How communication is catching up

If consumption behaviour is evolving, communication is racing to keep pace. Sunitha Natarajan, Director of Digital Strategy at Social Panga, observes that the emotional language of kids care has shifted from sentimental reassurance to informed reassurance. “Five years ago, the category rode heavily on natural and herbal cues amplified by the ecommerce boom. Today’s millennial and Gen Z parents demand transparency, research backed claims and specificity around their child’s needs,” she shared. 

Credibility, she notes, has decentralised. “Online reviews, parent communities and creators now play a critical role in shaping trust, forcing brands to sound more real and evidence-led. Visually too, parenting is portrayed differently, with more equal parenting cues and everyday realism replacing idealised tropes,” Natrajan highlights. 

This has profound implications for marketing strategy. Natarajan argues that performance marketing in kids care cannot mirror discount led D2C playbooks. Conversion here is driven by fear of making the wrong choice, trust in the source and confidence in long term outcomes. She further explains, “the category has moved from buy now to believe first, with creator led education, proof cues and routine based product clustering reducing anxiety before purchase.”

A category that resists shortcuts

Founding partners Sameer Joshi and Anindya Ghosh of Sam & Andy caution against over attributing this shift to generational change. According to them, “the emotional core of child care has always been premium. Parents have historically prioritised their children disproportionately, even when incomes were lower and choices fewer. What has changed is visibility and articulation.”

They share, “premiumisation in kids care is not a new economic behaviour but a semiotic one. Old instincts are now expressed through cleaner packaging, medical validation and science backed reassurance. Performance marketing, therefore, must be relational rather than transactional.” “Trust,” they argue, “is the real funnel.” Every touchpoint either compounds or erodes it.

They also challenge agencies to rethink measurement. In kids care, the most meaningful metric is not short-term return on ad spend but anxiety reduction. Brands that simplify decisions and provide continuity of reassurance win over time through repeat purchase and advocacy.

Why kids care may anchor the next premium wave

Taken together, these signals point to kids' care emerging as the emotional and economic anchor of India’s next premium phase. Not because parents have become more aspirational, but because the architecture around their instincts has expanded. Choice has multiplied, access has widened, and discovery has accelerated. As a result, spending that was once fragmented or invisible is now structured, tracked and scaled.

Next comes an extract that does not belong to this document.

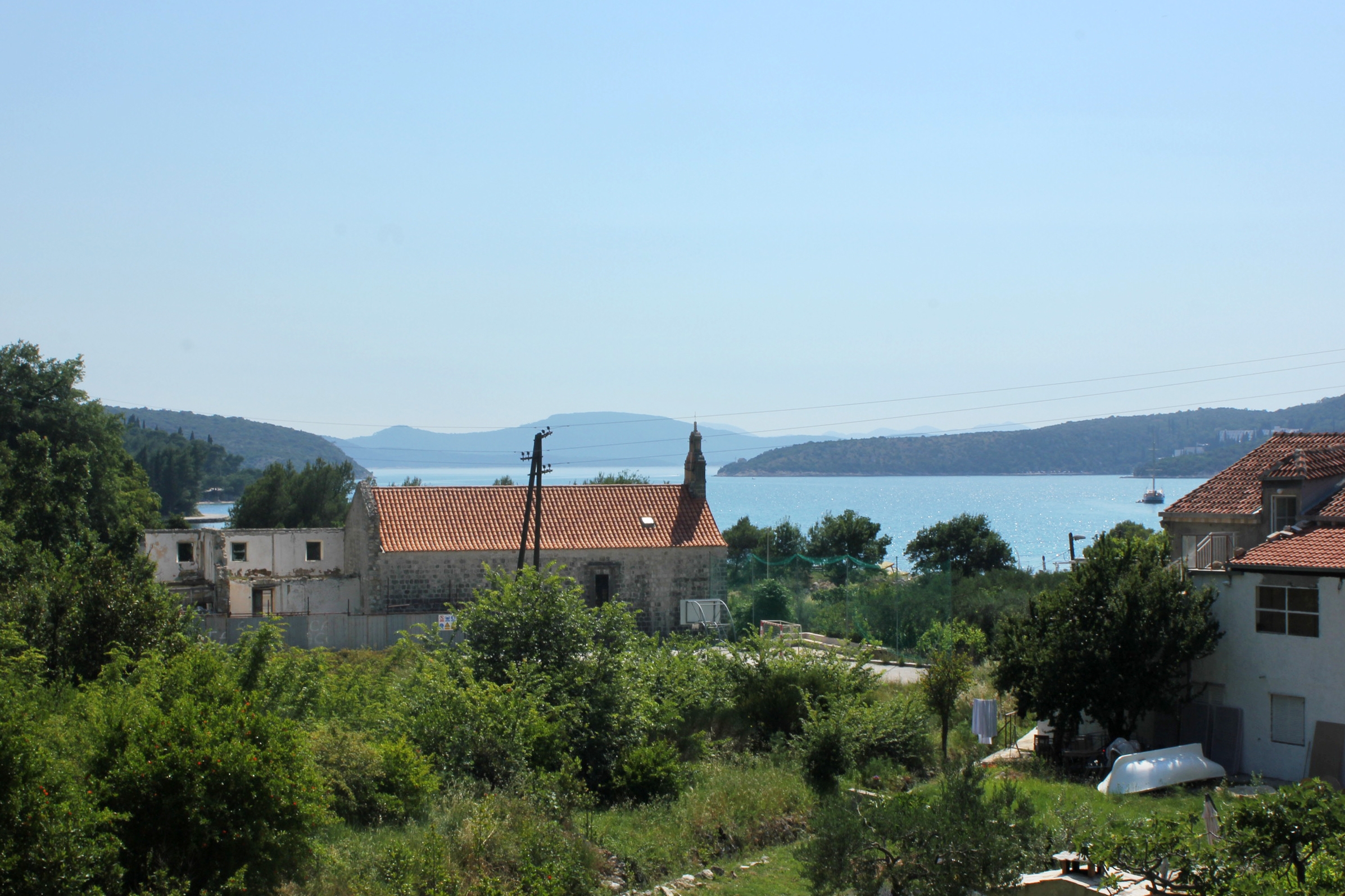 Two bedroom apartment with balcony and sea view Slano, Dubrovnik  A-c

For businesses, this creates a powerful flywheel. Trust earned early in a child’s life unlocks relevance across years and categories. For adjacent sectors such as education, sports, mental wellness and content, kids care brands are setting the tone for how premium value is defined, communicated and justified.

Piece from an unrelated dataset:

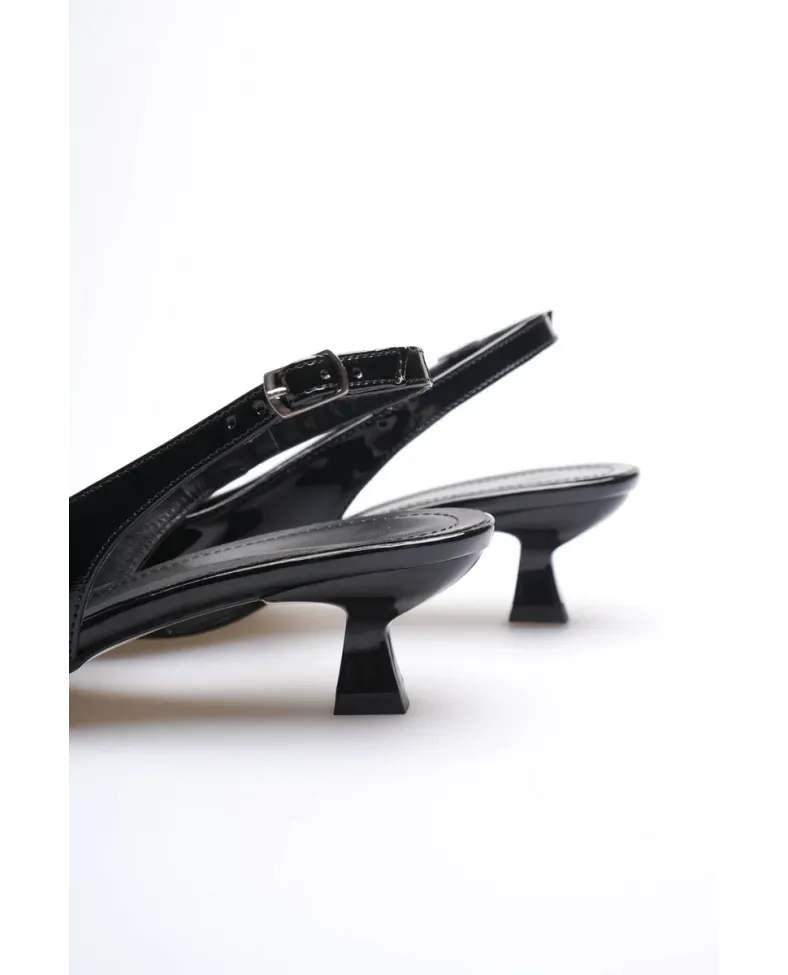 Kadın Siyah Rugan Kısa Topuklu Ayakkabı TR20MS04E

The implication is clear. India’s next premium wave will not be led by indulgence or status signalling. It will be led by responsibility, prevention and long term thinking. Kids care sits at the centre of that shift, not loudly, but decisively. For brands that understand this, the opportunity is not just to sell better products, but to become part of a family’s evolving life system. That is a far more durable position than any seasonal spike can offer.